Parfait pour contrer la canicule estivale, Par-dessus tout, premier roman de la poète torontoise Tanis Rideout, se déroule en partie sur l'Everest: il relate l'ultime tentative du Britannique George Mallory d'escalader cette montagne en juin 1924. Ne vous fiez ni à la couverture ni au titre un brin rébarbatifs: c'est un roman tout à la fois d'aventure et d'introspection, et très bien écrit, que nous offre Tanis Rideout.

Beau, brillant, s'équipant aussi bien de champagne que de piolets, l'alpiniste George Mallory laisse régulièrement derrière lui sa femme Ruth et ses trois enfants pour tenter l'impossible: grimper l'Everest, à 8848 m d'altitude. Le monde entier suit ses exploits avec passion. Le 8 juin 1924, en compagnie du jeune Sandy (Andrew) Irvine, il essaie encore une fois. La dernière, a-t-il promis à Ruth.

Le détail de ses expéditions et sa correspondance avec sa femme ont depuis alimenté plusieurs ouvrages. Mais dans le roman de Tanis Rideout, George et Ruth ont tous deux la parole. Et chacun un univers à conquérir.
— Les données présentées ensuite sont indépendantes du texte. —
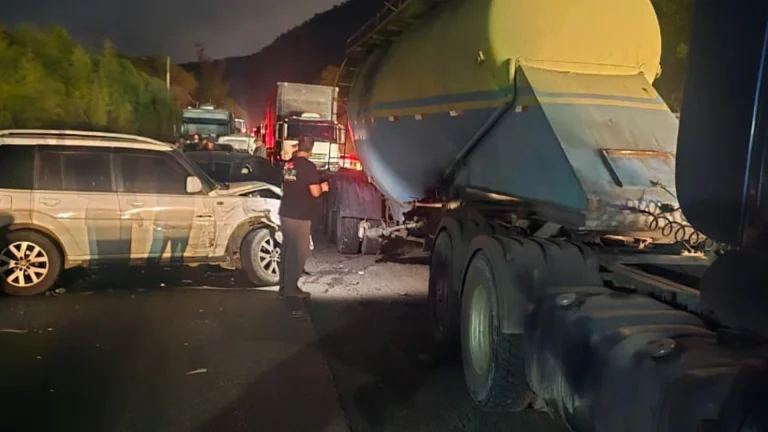 Engavetamento de veículos no Morro dos Cavalos deixa homem ferido na BR-101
Entrevue avec une écrivaine capable autant d'«écrire» le froid et le vent, que le doute et l'aspiration.

Pourquoi faire un roman, et non un recueil de poèmes ou une nouvelle, de cette histoire authentique?
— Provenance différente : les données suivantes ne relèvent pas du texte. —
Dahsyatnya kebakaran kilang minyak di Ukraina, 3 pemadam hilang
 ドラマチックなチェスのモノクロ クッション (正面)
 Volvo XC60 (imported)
Elle m'a toujours semblé exiger un roman, d'abord en raison de son envergure, de la nature épique de la tentative de George Mallory et Sandy (Andrew) Irvine. Mais aussi parce que je voulais explorer les effets qu'ont les récits sur nos esprits. Enfin, je voulais véritablement creuser les personnages, et cela, à mon avis, se faisait mieux dans un roman.
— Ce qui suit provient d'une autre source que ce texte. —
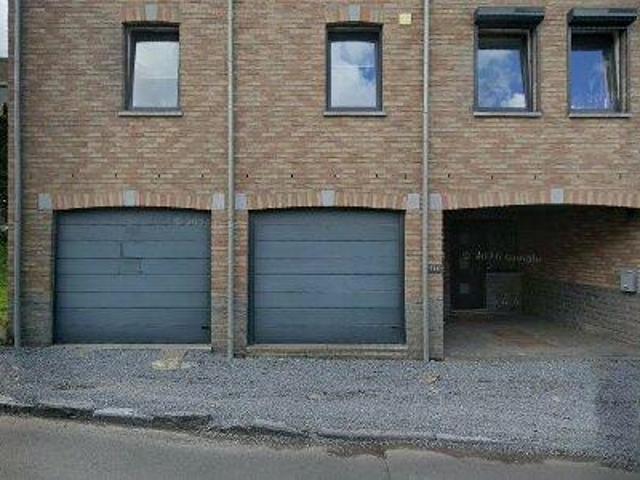 100 m2 apartment for rent in Luik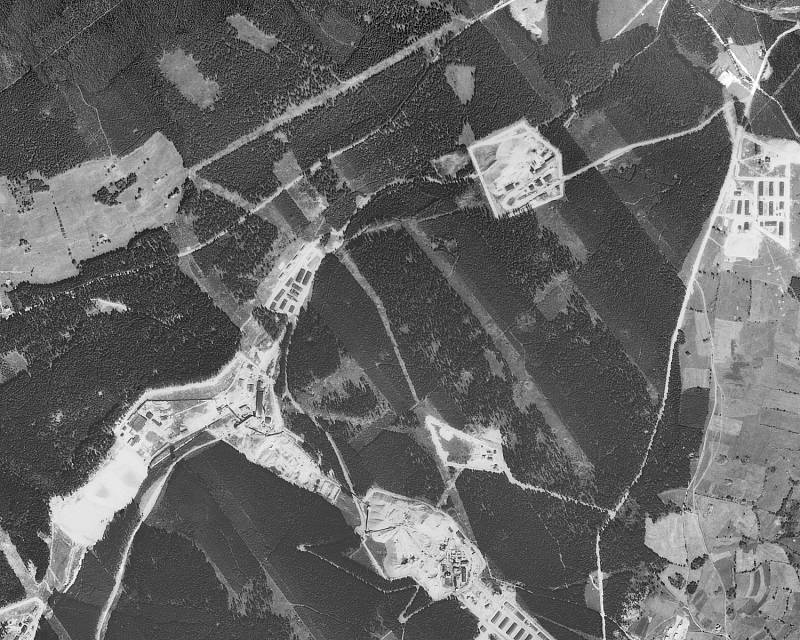 Letecký snímek táborů Nikolaj, Eliáš II a Rovnost na Jáchymovsku z roku 1952.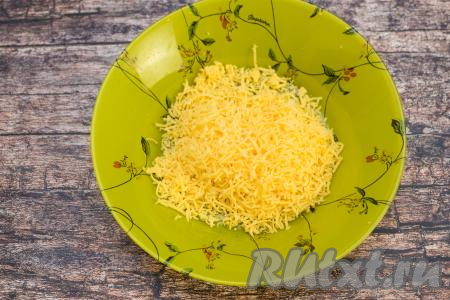 Пока рыбка запекается, натереть на мелкой тёрке сыр.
Il y a deux «temps» dans votre roman: le temps de George se déroule sur les quelques semaines de l'expédition, alors que le temps de Ruth, sa femme qui l'attend, tient en une seule journée. Le roman alterne entre ces deux «temps». Pourquoi?

Dès le départ, j'ai voulu écrire les deux côtés de l'histoire: on présente toujours Ruth comme un personnage à l'arrière-plan de l'histoire de George, alors qu'elle m'intriguait véritablement. L'idée de passer d'un «temps» à l'autre s'est imposée dès le début. Le «temps» de George s'étalait nécessairement sur plusieurs semaines: il devait se rendre à la montagne, ne pas réussir à l'escalader, puis tenter sa chance une ultime fois. Mais l'idée de résumer le quotidien de Ruth sur une seule journée ne m'est venue qu'après quelques versions: comme l'attente n'a pas vraiment de montée dramatique, raconter plusieurs semaines d'attente était trop lourd et monotone. Cristalliser ce que Ruth devait vivre et ressentir le temps d'une journée fonctionnait parfaitement, tant pour l'écriture que la lecture.

Quelle histoire a été la plus difficile à écrire?

Je pensais que ce serait celle de George: après tout, je n'ai jamais été près de l'Everest, je n'ai jamais fait d'alpinisme en haute altitude, etc. C'est pourtant son histoire à elle qui a été la plus ardue à écrire. Ça m'a étonnée parce que, comme tout le monde, j'ai déjà attendu le retour de quelqu'un à la maison, sachant que cette personne était en train de vivre quelque chose d'excitant, non seulement à mes yeux mais à ceux des autres. Je «savais» dans une certaine mesure ce que Ruth vivait. Il m'a toutefois fallu plusieurs essais avant de trouver sa voix, ses pensées, son univers. L'Everest, franchement, c'était facile à côté de cela!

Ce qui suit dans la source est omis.